Task brief:
Set out exactly, line by line, the stretch of data below that begins at the line containing "Habitaci&oacute;n con dos" and ends at the line containing "July 31, 2018, Como, Italy, children", with both ends kept.

***** Task data

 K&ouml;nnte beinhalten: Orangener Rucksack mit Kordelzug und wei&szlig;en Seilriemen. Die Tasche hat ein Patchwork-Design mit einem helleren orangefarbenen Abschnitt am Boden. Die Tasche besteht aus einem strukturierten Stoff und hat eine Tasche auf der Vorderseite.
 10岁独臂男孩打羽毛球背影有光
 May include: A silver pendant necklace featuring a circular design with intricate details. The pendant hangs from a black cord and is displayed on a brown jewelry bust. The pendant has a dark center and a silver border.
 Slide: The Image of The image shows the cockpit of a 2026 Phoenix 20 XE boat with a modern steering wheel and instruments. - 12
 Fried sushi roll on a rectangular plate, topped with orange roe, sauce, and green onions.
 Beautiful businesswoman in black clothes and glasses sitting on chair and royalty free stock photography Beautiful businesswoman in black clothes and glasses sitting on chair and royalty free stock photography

**********
***** Task data

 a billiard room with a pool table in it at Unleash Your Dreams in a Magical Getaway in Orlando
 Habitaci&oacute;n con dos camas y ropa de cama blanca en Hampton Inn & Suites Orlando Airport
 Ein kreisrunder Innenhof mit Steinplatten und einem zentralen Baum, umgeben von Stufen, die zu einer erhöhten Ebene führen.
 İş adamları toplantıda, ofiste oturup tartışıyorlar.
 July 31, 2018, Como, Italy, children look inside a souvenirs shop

**********

Task solution:
 Habitaci&oacute;n con dos camas y ropa de cama blanca en Hampton Inn & Suites Orlando Airport
 Ein kreisrunder Innenhof mit Steinplatten und einem zentralen Baum, umgeben von Stufen, die zu einer erhöhten Ebene führen.
 İş adamları toplantıda, ofiste oturup tartışıyorlar.
 July 31, 2018, Como, Italy, children look inside a souvenirs shop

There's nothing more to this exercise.